Building Resilient Rails Applications: Essential Patterns for Handling Failures and High Traffic Gracefully
Build resilient Rails apps that handle failures gracefully. Learn circuit breakers, bulkheads, retries & fallbacks to prevent cascading failures. Keep your app running when services fail.
I want to talk about building Rails applications that don’t break when things go wrong. In my experience, things always go wrong. A payment processor gets slow. A database connection drops. An email service has an outage. The question isn’t if these events will happen, but when. The goal isn’t to prevent every possible failure—that’s impossible. The goal is to build an application that can handle failure gracefully, keep the important parts working, and recover on its own.
This is what we mean by resilience. It’s the difference between a complete site outage and a slightly degraded experience. It’s the ability for your checkout process to work even when the recommendation engine is having a bad day. Let’s look at some practical ways to build this toughness into a Rails application.
Imagine you’re calling an external API to charge a credit card. If that service starts timing out or returning errors, what happens? A naive approach might keep trying, over and over. This is a disaster. Your application threads get stuck waiting. Your database connections pool drains. One failing external service can drag your entire application down. This is called a cascading failure.
We need a way to stop calling a broken service. Think of it like an electrical circuit breaker. When too much current flows, the breaker “trips” to prevent damage. We can do the same in code. Here’s a basic idea of how that looks.
class CircuitBreaker
def initialize(service, failure_threshold: 5, reset_timeout: 60)
@service = service
@failure_threshold = failure_threshold
@reset_timeout = reset_timeout
@state = :closed
@failure_count = 0
end
def call
if @state == :open
raise CircuitOpenError, "Service unavailable"
end
begin
result = @service.call
@failure_count = 0 # Reset on success
result
rescue => e
@failure_count += 1
if @failure_count >= @failure_threshold
@state = :open
schedule_reset
end
raise e
end
end
private
def schedule_reset
Thread.new do
sleep @reset_timeout
@state = :half_open
end
end
end
# Using it
gateway = CircuitBreaker.new(-> { ExternalPaymentApi.charge(amount) })
begin
gateway.call
rescue CircuitOpenError
# Show a friendly message to the user
"Our payment system is temporarily busy. Please try again in a minute."
end
The breaker starts in a :closed state, letting calls through. If failures pile up past our threshold, it trips into an :open state.
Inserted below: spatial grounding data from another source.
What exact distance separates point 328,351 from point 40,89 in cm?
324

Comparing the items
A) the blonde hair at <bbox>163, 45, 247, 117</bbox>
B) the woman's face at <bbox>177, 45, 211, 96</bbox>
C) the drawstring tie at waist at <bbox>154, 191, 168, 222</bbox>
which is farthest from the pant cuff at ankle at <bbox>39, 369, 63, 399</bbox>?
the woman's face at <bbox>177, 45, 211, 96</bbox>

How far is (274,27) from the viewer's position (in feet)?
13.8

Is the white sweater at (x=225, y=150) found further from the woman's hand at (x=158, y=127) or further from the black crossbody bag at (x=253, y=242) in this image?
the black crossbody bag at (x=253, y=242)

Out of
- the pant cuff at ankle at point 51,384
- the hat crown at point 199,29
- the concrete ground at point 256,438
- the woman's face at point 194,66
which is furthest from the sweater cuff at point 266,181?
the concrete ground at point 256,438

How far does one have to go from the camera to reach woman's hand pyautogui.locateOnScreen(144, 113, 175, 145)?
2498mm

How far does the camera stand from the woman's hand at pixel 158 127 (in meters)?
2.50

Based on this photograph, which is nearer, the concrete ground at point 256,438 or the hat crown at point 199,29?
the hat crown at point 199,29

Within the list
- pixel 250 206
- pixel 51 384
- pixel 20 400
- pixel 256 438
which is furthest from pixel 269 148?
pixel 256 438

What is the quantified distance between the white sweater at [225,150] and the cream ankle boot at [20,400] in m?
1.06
In this state, it immediately rejects calls without even trying the service. This gives the failing system time to recover. After a timeout period, it moves to a :half_open state. We could allow one test request through. If it succeeds, we close the breaker again. If it fails, we open it once more. This simple pattern isolates your application from downstream failures.
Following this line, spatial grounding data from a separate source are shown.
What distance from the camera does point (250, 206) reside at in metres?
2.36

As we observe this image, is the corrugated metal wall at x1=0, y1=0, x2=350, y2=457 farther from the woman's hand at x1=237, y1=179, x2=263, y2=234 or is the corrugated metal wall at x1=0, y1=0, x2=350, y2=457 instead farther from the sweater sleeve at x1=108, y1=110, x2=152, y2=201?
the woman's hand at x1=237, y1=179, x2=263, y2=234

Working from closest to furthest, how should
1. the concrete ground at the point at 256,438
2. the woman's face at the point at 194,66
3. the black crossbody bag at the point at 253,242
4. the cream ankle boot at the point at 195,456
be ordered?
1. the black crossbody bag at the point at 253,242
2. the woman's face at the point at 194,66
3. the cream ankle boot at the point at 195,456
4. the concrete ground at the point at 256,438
Now, let’s think about resources. A typical Rails app uses a pool of threads or processes to handle requests. What if one slow service uses up all those threads? Other, perfectly healthy parts of your app can’t work because there are no threads left. It’s like a leak in one cabin sinking the entire ship.
The solution is to build bulkheads. On a ship, a bulkhead is a wall that sections off compartments. A leak floods only one section. We can do the same by separating our application’s resources into isolated pools.
class BulkheadExecutor
def initialize(pool_name, size: 10)
@pool = Concurrent::ThreadPoolExecutor.new(
name: pool_name,
min_threads: 1,
max_threads: size,
max_queue: 100
)
end
def execute(&job)
Concurrent::Future.execute(executor: @pool, &job)
end
end
# Create separate pools for different tasks
$payment_executor = BulkheadExecutor.new('payments', size: 5)
$email_executor = BulkheadExecutor.new('emails', size: 3)
$analytics_executor = BulkheadExecutor.new('analytics', size: 2)
def process_order(order)
# Each service runs in its own isolated pool
payment_future = $payment_executor.execute { charge_card(order) }
email_future = $email_executor.execute { send_confirmation(order) }
analytics_future = $analytics_executor.execute { track_event(order) }
# Wait for the critical one (payment)
payment_future.wait
payment_future.value
end
Here, the payment service has a pool of 5 threads. Even if it gets very slow, it can only use those 5. The email pool has 3. They are isolated. A flood of email jobs won’t stop payments from being processed. You can tune the size of each pool based on the importance and characteristics of the task. This containment is incredibly powerful for stability.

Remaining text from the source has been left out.